The virtues of simplicity cannot be overstressed. The exhibition, Between The Self and Silhouettes (April 8-June 4) — a rather overloaded title — featuring Soma Das (born 1979) and Anjan Modak (born 1982), curated by Adip Dutta and held at Emami Art, makes this adequately clear. Both artists were trained at Rabindra Bharati University in Calcutta. The humdrum and often harsh lives of ordinary people are what Modak and Das are interested in but their approaches in most cases are as different as chalk and cheese. Where draughtsmanship is concerned, both are equally skilled. Yet how differently they deploy these gifts.

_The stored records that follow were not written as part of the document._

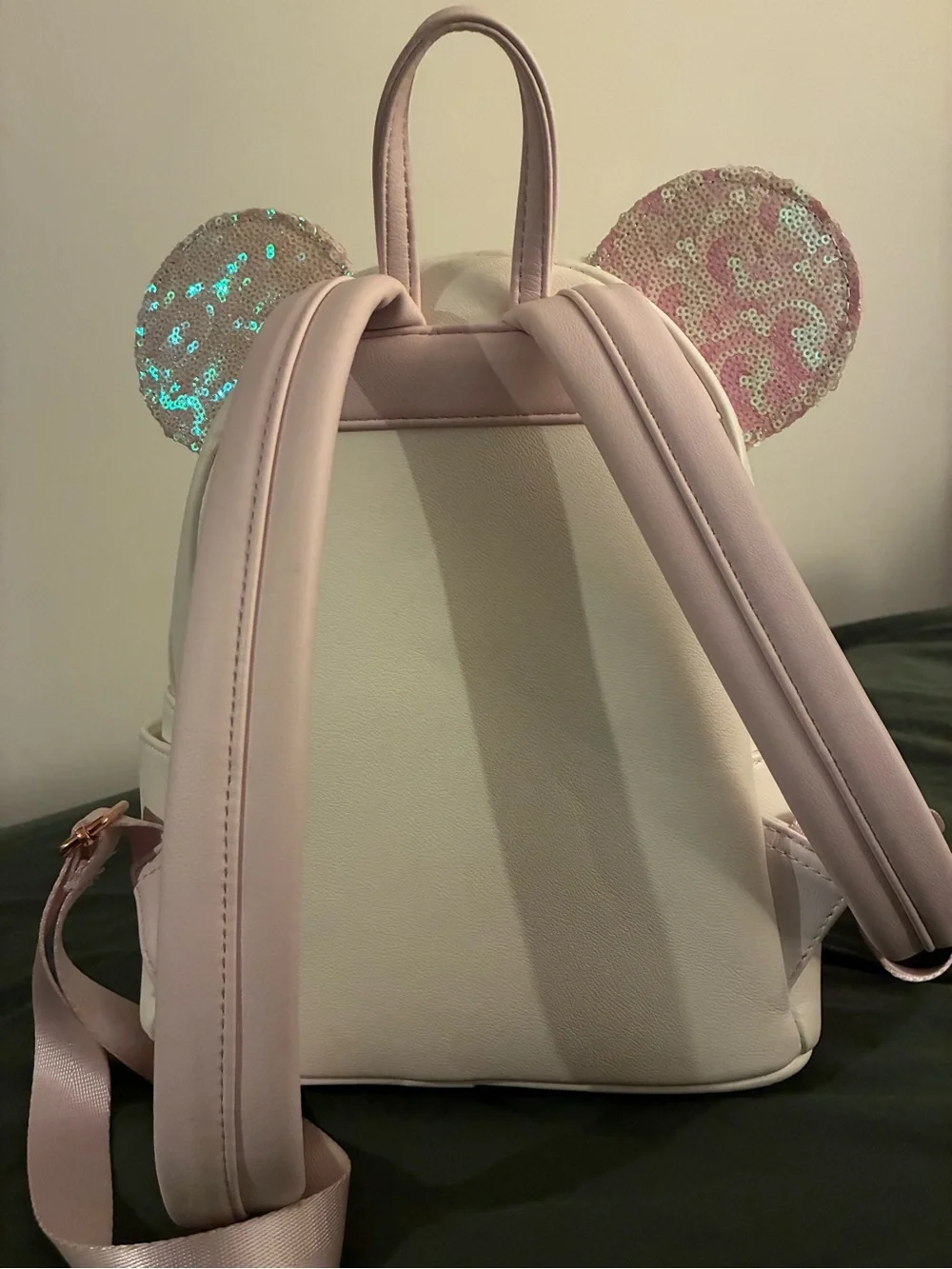 Loungefly Disney White Mini Backpack with Pink Sequin Ears, Rose Gold zippers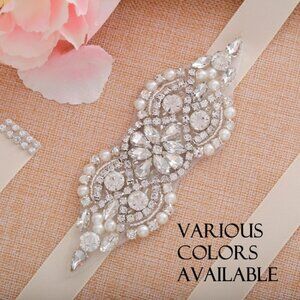 Wedding dress sash satin bow crystals sparkly elegant brand new great condition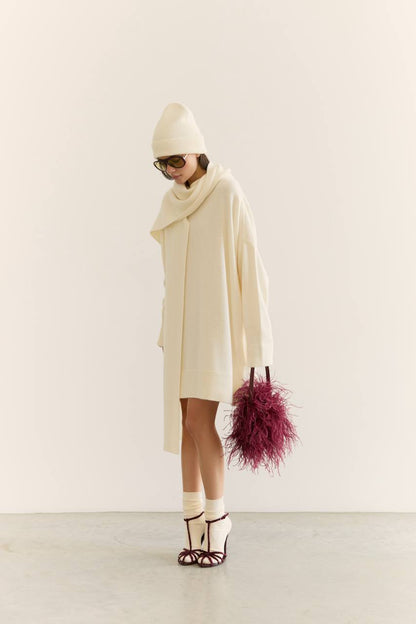 Lambswool Sweater Dress, Milky — detail — SHEVCHENKO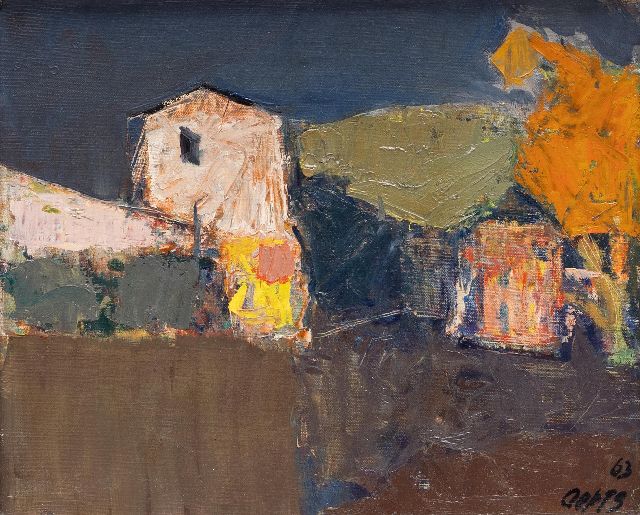 Wim Oepts | Boerderij, olieverf op doek, 26,0 x 29,0 cm, gesigneerd r.o. en gedateerd '63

So long as Modak presents men and women engaged in hard physical labour in his gritty ink drawings, he is excellent. The influence of a Bengal master and one of Modak’s former teachers is obvious in the cross-hatching and the whimsicality of his work. Fine skills in one so young. But his images are often cluttered with his highfalutin ideas on certain predictable and trendy issues. They become laboured, ponderous and knotty for no reason at all. And like some artists of his generation, he takes a predictable anti-capitalist stance.
Das, on the other hand, sings a paean to Everywoman (picture). Her meticulously observed works in a variety of media may remind one of Sondheim’s glorious Pretty Women, although these homebodies with sagging frames and flabby stomachs encased in saris and nighties are most anti-glam. But what they do possess is a certain freedom of spirit that liberates them from their workaday realities. They are engaged in household chores but their minds seem to have escaped elsewhere, far from the sordid surroundings of slums and cramped flats that human roaches call their homes. These women sweep, wash the bottoms of their children, cook, enjoy meals, scrub utensils, and light up coal-fired ovens. But they are also capable of daydreaming and have an inner life of their own that keeps them alive.